Dnf search openjdk fails with Curl error (6): mirrorlist.centos.org

I recently installed Rocky Linux 9.4. When I run dnf search openjdk I ends in this failure:
Error: Failed to download metadata for repo ‘appstream’: Cannot prepare internal mirrorlist: Curl error (6): Couldn’t resolve host name for http[colon]//mirrorlist[dot]centos[dot]org/?release=9-stream&arch=x86_64&repo=AppStream&infra=stock [Could not resolve host: mirrorlist.centos.org]

I was surprised to see the centos.org reference. Is that to be expected?

This was a fresh install, however, the last step I did was restore files via tar from centos 8 stream previously on this host. I used the ‘k’ option of tar to prevent overwrite of existing files. Now I’m worried I may have inadvertently place old centos configuration on the system.

With kind regards, -Randy

No. You’ve added repo files from CentOS. The repo files in Rocky Linux 9 are much different from CentOS 8, so using k with tar wouldn’t have helped here. Go through /etc/yum.repos.d and remove any CentOS repo file you have, and you should be fine to run dnf again.

This “was” a fresh install, not any more.

Restoring from backup, may not overwrite files with the same name, but it can create lots of files from the backup that have different names.

Hi nazunalika & gerry.
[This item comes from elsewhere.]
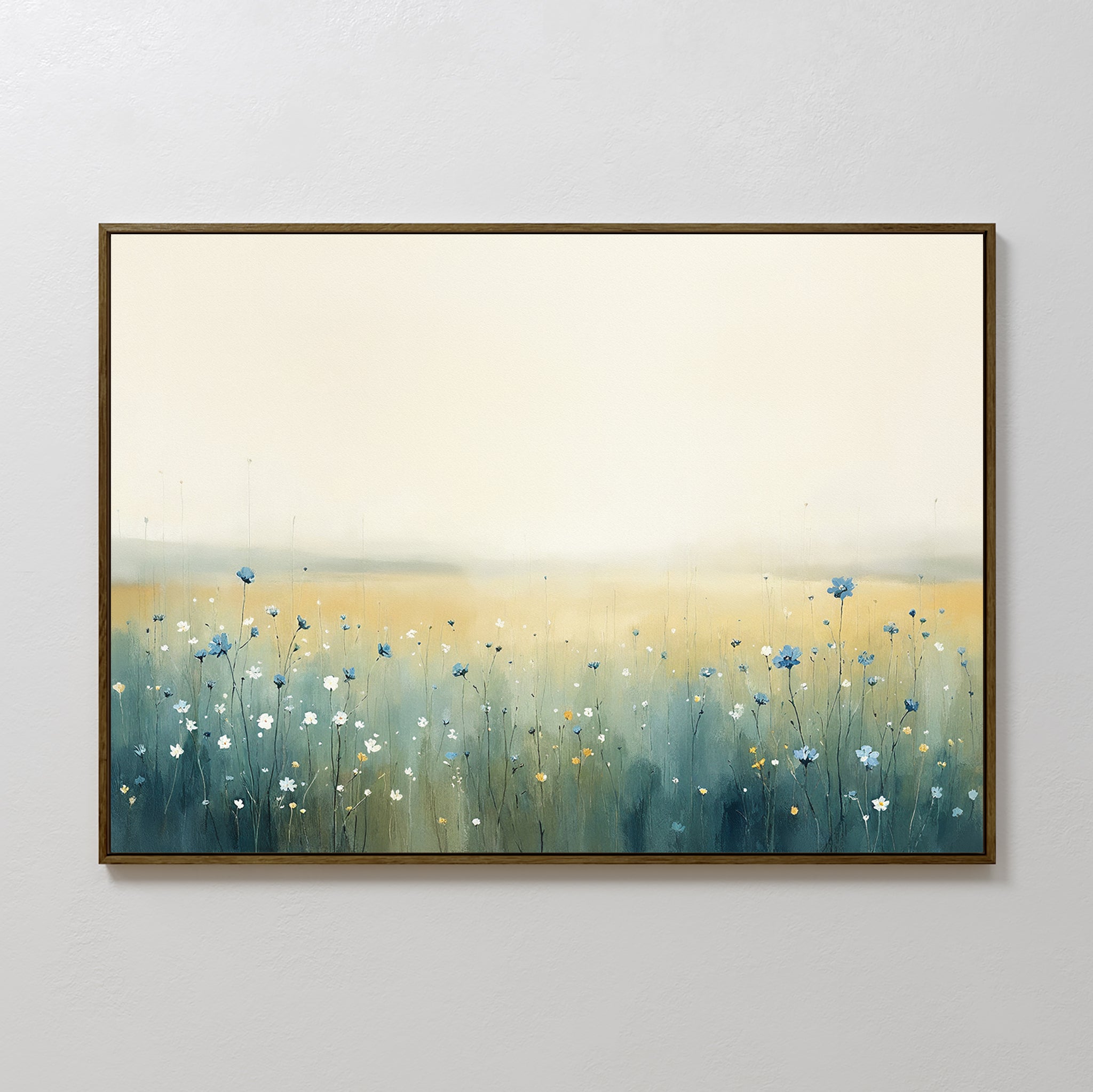 The Meadow Whispers Canvas Art - Horizontal features an impressionistic misty field with tall grasses and soft blue and white wildflowers fading into a pale sky, bringing a sense of tranquility to any space.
Thanks for the response. This has confirmed my fear. I’m going to set aside next Saturday to reinstall then be much more careful during the restore step. It will be good too because I’ll have another opportunity to run through the cups and nfs setup. One of the problems with reliable software is one tends to forget items involved in setup one did a few years back. With kind regards, -Randy

One can use “rpm -qf filename” to check which package did provide that filename.
The rpm will say, e.g. file /etc/yum.repos.d/cuda-rhel9.repo is not owned by any package and I would know that cuda-rhel9.repo is my doing. Alas, the installer does create some files too, so some “not owned” files are actually intentional and vital for the system to to function.


Restore from tarball does belong to the category of “source installs”, which one should avoid as they are likely to turn into unmanageable.

There are now configuration management systems. Examples: Ansible, Chef, Puppet.
The Ansible is included in Rocky – package ansible-core – and there is package rhel-system-roles too. The latter is documented by Red Hat in (public) RHEL docs.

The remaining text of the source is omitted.